We can set up a time for a quick get acquainted call. Together we can determine if this course is the right fit for you. And you can get to know me. Studying with someone you haven’t met can be intimidating but I can assure you, once we have chatted you will know that I am not the least bit scary. J There will be no pressure. Whether or not you register is entirely up to you. I simply want to give you any info that will help you make the decision that you feel is best.


Beyond the Basics         April 25th, May 2nd 2015

As the title suggests, this content packed two day course is all about launching into more artsy info that takes you beyond the basics of working in coloured pencil.

This course is perfect for someone who has already taken my CP Basics course or someone that is self taught and has been practicing on their own or someone who has studied with someone else and who wishes to explore the world of coloured pencil further.

We will cover a lot in this course but it won’t be overwhelming. I firmly believe that learning should be fun and we will take it all at a manageable pace. We will spend quite a bit of our time on learning how to see and create colour with greater mastery, we will explore the rich world of working with complementary colours, we will practice the different ways to create darker values and there will be fun bits of info on colour harmony and composition.

I won’t write out all of the course details because I have carefully described it all on my classes page. You need to scroll down the page to the Beyond the Basics section. You can register right from that page.

Please read the Need More Help Deciding? section just up above. The same applies for this course. If you would like to have a quick chat about this course, please email to set up a time for the call. I would love to hear from you.

On-Line Course Bonus

By now you know that I will be offering my first on-line course later this year. Perhaps you are trying to decide between coming to in-studio classes or waiting and taking something on-line.

The easy answer is that you should do both. BUT you won’t have to shell out tons of money for both.

As a thank you to everyone that has studied with me over the past decade, I shall be offering my on-line course to former students at a super duper special price.

The on-line course will run over many weeks and as a result it will contain a lot more content. Please don’t feel that you will miss out by taking the in-studio session.

 You will have the best of both worlds – you will be able to get started working with your pencils this spring AND you can sign up at a crazy bonus price to get all of the extra projects, on-line. I really do value and appreciate all the support I have received over the years and I want to thank you.

So just to be clear, you won’t have to pay the full price twice. It is not better to wait. It is a much better deal money wise, to take the in-studio session and then add on the on-line course when it becomes available.

Finally, if you know of someone that might be interested in these courses, please do them a favour and let them know.

 Spaces are very limited and seats are filled on a first come first served basis.

I don’t plan on offering these classes again in 2015 so if you are keen, please don’t miss out.

Have a great week everyone!

Friday, January 16, 2015

a gritty pencil problem and some thoughts from a fellow reader

Excerpt from my TMS January 16th, 2015 newsletter...

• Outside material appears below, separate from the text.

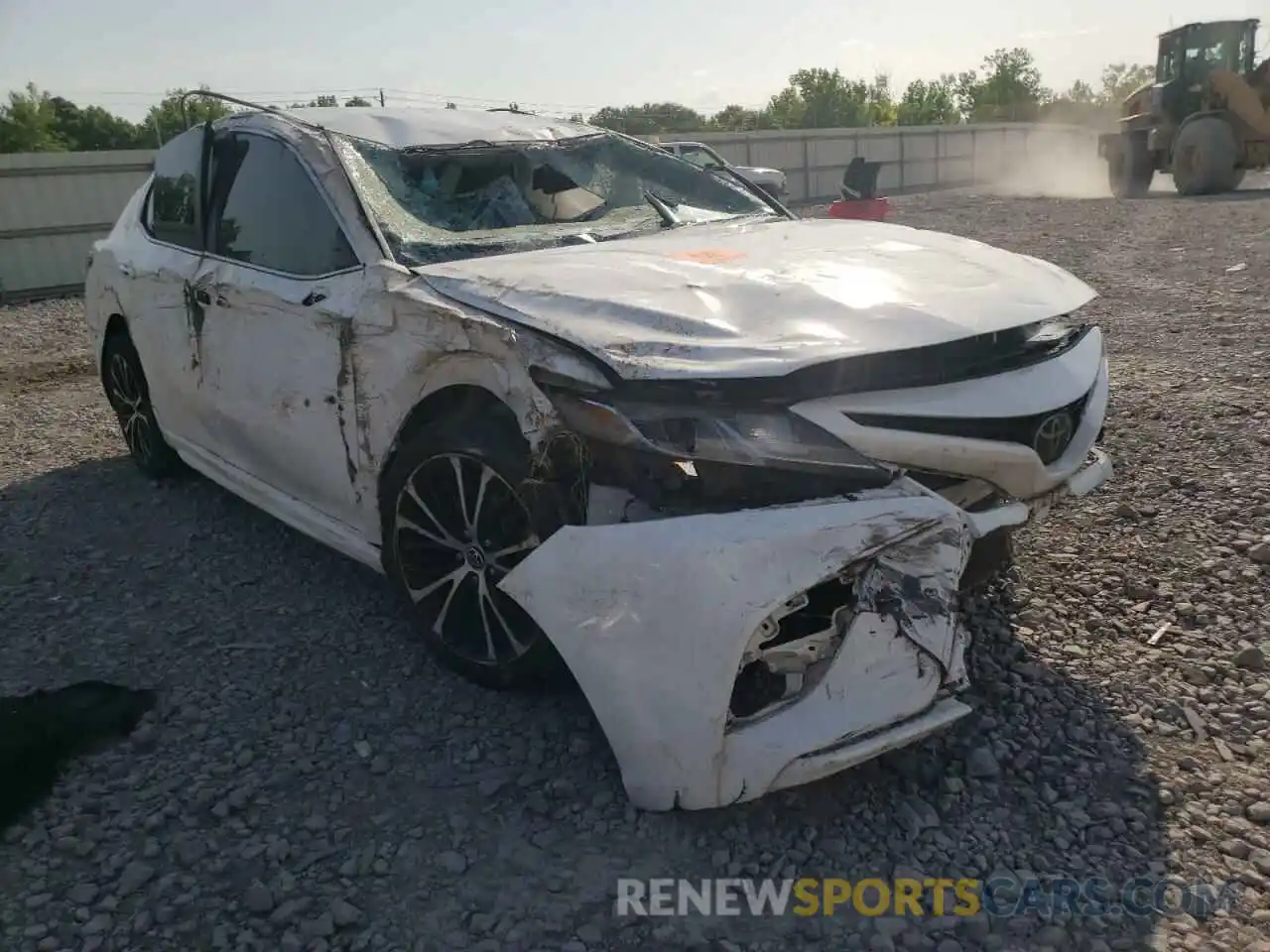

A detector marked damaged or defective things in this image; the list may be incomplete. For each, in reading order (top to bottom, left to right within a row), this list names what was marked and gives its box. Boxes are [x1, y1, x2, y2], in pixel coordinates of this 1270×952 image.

Have you ever had a problem with a gritty pencil core? Newsletter Group Member Daphne L. from Toronto has the following question for me...

“I have a quick question. I sharpened a pencil recently and started working with it. There was a scratchy feel as I was applying the colour to the paper. I didn’t think much of it and kept going. Suddenly I laid down a dark streak of colour, much darker than the pencil’s actual shade. I was able to remove the dark streak of colour but then I realized that the scratching of the pencil over the paper had actually left an indent in the paper. I haven’t had this happen before. Is this common? I am using Prismacolor pencils and I thought they were a good brand. Thanks for your time.”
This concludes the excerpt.